How the Senate rolls: Lottery system planned to choose district numbersby John Kennedy | March 21st, 2012
The Senate Reapportionment Committee brought out lottery balls in spinning cages Wednesday as senators tried to devise a system where the number of Senate districts would not be seen as favoring certain incumbents.
The Florida Supreme Court declared unconstitutional the Senate’s first attempt at drawing district lines. Among the problems justices found, was district numbering that would have allowed most incumbents to serve for as long as 10 years, which the court said defied the state’s constitutional eight-year term limits.
Reapportionment Chairman Don Gaetz, R-Niceville, advanced the idea of a lottery system to choose district numbers which would determine whether a seat is for a four-year or two-year term this fall.
Most of the committee agreed to the concept. But some questioned the technique.
Sen. David Simmons, R-Maitland, said spinning lottery balls in cages on the Senate floor would disrupt the chamber’s “decorum.” He suggested the lottery be held in the offices of the Senate secretary with videotape rolling.
“We will not have the fanfare, but the integrity of the Senate will be assured,” Simmons said.
But like most issues in the Senate, battle lines quickly emerged. Sen.

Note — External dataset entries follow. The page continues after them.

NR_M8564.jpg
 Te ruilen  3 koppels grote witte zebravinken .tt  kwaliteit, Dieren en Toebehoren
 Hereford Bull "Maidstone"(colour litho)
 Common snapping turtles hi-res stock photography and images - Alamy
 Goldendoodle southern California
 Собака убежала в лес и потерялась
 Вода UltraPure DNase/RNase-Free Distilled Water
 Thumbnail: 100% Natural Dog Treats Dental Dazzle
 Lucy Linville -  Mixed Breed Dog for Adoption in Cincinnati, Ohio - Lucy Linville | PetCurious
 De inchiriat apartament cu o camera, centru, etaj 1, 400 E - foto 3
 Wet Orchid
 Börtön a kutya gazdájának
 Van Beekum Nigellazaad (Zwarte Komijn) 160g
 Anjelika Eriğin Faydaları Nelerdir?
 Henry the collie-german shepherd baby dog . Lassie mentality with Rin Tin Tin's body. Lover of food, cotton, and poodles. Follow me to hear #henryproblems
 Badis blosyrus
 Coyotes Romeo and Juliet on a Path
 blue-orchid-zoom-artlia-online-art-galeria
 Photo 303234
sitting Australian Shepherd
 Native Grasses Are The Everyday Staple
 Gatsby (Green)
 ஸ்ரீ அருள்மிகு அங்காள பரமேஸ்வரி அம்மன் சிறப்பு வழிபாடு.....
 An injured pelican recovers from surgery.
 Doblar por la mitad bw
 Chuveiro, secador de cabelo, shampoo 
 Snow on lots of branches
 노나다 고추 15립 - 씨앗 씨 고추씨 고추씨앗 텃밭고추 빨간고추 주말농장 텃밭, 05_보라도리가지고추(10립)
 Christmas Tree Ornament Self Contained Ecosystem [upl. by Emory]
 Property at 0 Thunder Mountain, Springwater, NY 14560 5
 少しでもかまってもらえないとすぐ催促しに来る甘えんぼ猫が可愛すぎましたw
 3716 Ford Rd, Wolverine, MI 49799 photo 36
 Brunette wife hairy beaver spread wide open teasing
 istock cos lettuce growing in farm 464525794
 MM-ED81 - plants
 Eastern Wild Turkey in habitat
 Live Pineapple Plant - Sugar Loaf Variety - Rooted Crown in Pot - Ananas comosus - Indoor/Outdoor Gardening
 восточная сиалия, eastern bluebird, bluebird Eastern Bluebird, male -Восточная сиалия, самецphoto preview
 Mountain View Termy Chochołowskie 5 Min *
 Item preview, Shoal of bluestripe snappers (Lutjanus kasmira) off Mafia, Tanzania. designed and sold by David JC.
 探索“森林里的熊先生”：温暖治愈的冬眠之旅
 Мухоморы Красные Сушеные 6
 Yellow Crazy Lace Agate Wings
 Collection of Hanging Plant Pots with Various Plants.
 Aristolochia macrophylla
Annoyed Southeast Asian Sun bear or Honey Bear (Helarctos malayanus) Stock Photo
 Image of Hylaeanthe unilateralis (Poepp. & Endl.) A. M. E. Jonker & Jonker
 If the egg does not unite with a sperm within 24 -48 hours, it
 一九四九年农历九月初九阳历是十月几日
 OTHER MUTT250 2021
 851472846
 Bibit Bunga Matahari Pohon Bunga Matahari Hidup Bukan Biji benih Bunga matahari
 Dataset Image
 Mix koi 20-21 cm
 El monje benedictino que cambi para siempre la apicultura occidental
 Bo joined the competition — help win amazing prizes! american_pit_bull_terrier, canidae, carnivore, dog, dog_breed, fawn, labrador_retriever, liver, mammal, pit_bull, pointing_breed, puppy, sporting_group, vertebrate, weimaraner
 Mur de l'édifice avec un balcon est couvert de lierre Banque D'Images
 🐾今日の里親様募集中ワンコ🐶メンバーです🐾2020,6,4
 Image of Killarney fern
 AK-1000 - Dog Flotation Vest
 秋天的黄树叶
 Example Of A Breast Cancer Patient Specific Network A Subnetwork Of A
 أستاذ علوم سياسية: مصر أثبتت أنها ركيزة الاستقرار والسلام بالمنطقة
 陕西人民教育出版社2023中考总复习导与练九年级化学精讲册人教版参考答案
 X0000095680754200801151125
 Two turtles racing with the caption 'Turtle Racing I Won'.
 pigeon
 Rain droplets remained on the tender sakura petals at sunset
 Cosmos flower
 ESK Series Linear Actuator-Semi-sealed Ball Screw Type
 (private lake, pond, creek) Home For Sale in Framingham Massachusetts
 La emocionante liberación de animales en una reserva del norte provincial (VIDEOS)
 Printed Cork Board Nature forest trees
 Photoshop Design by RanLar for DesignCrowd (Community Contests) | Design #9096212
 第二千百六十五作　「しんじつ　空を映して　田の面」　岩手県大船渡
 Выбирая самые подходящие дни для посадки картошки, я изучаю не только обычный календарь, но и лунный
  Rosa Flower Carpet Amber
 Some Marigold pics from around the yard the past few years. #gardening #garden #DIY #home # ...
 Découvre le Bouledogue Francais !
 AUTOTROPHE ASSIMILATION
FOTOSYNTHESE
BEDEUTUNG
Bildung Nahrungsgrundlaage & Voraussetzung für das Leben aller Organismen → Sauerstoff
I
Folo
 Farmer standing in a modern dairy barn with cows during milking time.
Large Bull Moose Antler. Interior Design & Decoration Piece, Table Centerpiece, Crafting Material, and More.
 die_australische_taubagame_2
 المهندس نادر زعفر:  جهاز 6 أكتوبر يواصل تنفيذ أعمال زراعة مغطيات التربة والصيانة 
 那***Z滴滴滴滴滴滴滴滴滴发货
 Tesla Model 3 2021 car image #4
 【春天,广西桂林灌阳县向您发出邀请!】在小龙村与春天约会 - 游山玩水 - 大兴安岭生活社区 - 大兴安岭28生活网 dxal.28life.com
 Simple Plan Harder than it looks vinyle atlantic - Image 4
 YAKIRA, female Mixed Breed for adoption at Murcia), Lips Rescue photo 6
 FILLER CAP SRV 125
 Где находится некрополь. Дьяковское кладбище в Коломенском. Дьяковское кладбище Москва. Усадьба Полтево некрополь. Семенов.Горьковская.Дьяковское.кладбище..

Jack Latvala, R-Clearwater, said that if the lottery method was used, it was necessary that it be conducted on the Senate floor.
“I believe strongly that whatever we do has to be done on the floor of the Senate in front of God and everyone,” Latvala said.
After a heated debate, the committee has deferred a decision on the numbering system until the redistricting plan goes to the Senate floor.